Originally Posted by *GoestoShow* 
Really? All of the birthday parties I attended as a kid were 5 - 6 hours. Some were all day affairs. If anything, 4 hours sounds about right for all the activities the OP has prepared.

And I think some of the parents may enjoy a bit of the afternoon "off" from parenting. I imagine some would take the opportunity for a nice lunch out and a movie or something. I know my parents did that when the four of us were at parties that they didn't need or want to attend.







So, considering the drive and all OP, I think 12 - 4 or 1 - 5 is the best time. I'd avoid anything in the evening, even for that age unless it was a sleep over party.

Yeah it is a long time ....the ones we have attended for my 7 year old are at the most 3 hours ...and if I have to drive 45 min each way and hang around somewhear for 4-5 hours ...nope .....


----------



## StephandOwen (Jun 22, 2004)

Quote:


Originally Posted by *weliveintheforest* 
could you do it even earlier, like 11-3? That way the pizza will be ready at about lunch time and the cake won't ruin their dinner. the parents will also have time to make dinner after picking up the kids. If it ended at 5, it would be hard to plan dinner around that.

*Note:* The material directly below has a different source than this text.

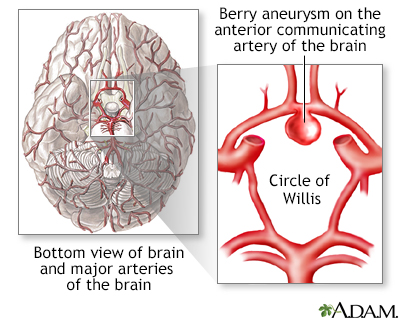 Cerebral aneurysm - Illustration Thumbnail
                      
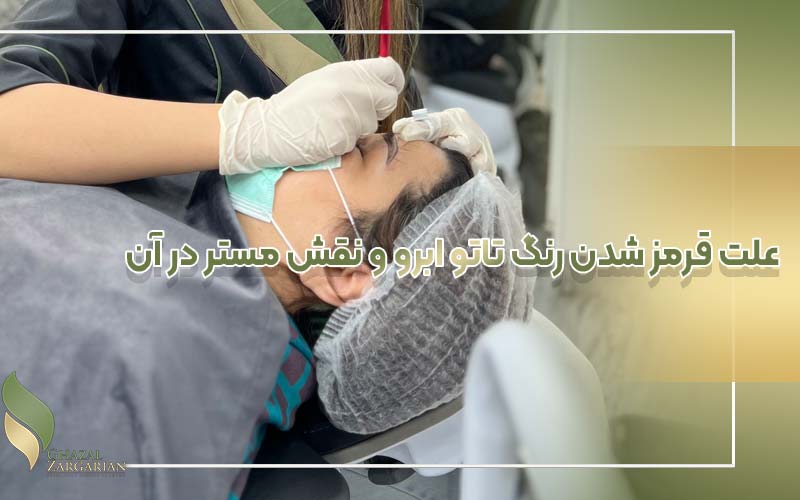 دلیل رنگ نگرفتن فیبروز ابرو نی نی سایت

I agree with this. If the girls are making the pizza it's going to take some time to get everyone into the house, making the pizza, pizza in the oven, etc. If the party starts at 1 then that would have them eating at maybe 2, which is too late for lunch (so girls might have eaten before they came or they will be STARVING). That would also put cake time right before dinnertime, which some parents would have an issue with. I vote 11-3.


----------